Probably Sheffield’s best known suburban drag, Ecclesall Road was built in the early 19th century.

The road, considered now to be one of the city’s trendiest thoroughfares with dozens of quirky shops, used to run as a turnpike between Sheffield and Chapel-en-le-Frith, now in the Peak District.

Coaches headed south from Sheffield town centre (it was a town until 1893) would pay their first toll at Hunter’s Bar.

Read more stories about Sheffield and Yorkshire’s fascinating and sometimes gruesome history here.

The toll at Hunter’s Bar was abolished in 1884 and the tollhouse was demolished. However, the gate posts were preserved and remain in the centre of Hunter’s Bar roundabout.

In the early 20th century Ecclesall Road became a tramway, as the photos below show.

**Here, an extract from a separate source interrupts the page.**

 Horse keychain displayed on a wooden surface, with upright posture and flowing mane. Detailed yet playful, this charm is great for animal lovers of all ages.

But the tramway was one of the first to close, shutting down in 1954 despite a petition with 11,000 signatures to keep it running.

Ecclesall Road used to run from the junction of London Road and Cemetery Road but the road was shortened when Sheffield’s inner ring road was built in the 1960s.

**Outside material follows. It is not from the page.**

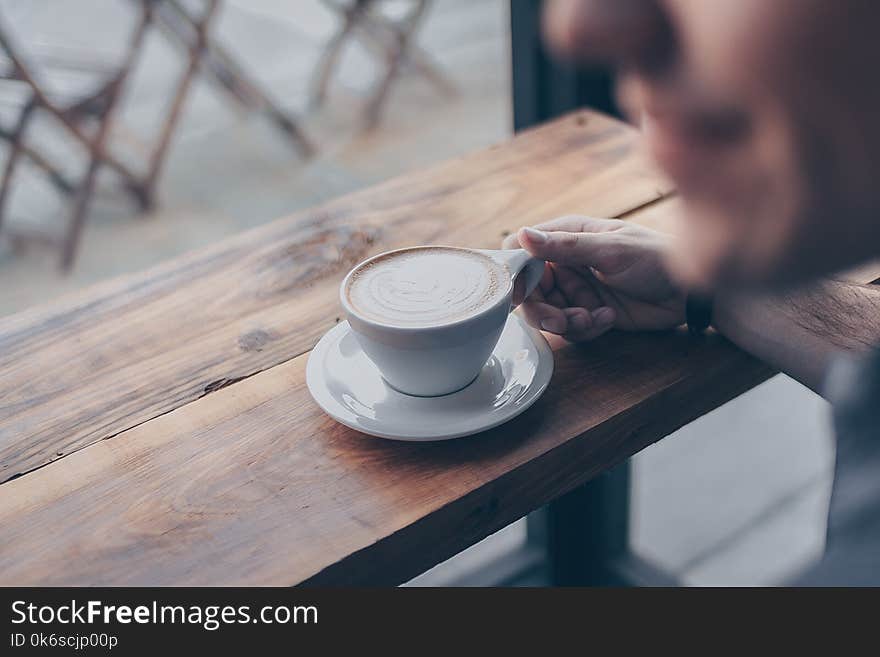 Person Holding White Mug Filled With Coffee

Today Ecclesall Road is one the Sheffield’s most desirable places to live. With its range of independent businesses, restaurants and bars it is popular with students and the city’s more affluent residents.

Hunter’s Bar was introduced to people outside the Steel City in the song Fake Tales of San Francisco by Sheffield’s own Arctic Monkeys.

“He talks of San Francisco, he’s from Hunter’s Bar,” sings lead singer Alex Turner on the band’s 2006 debut album Whatever People Say I Am, That’s What I’m Not.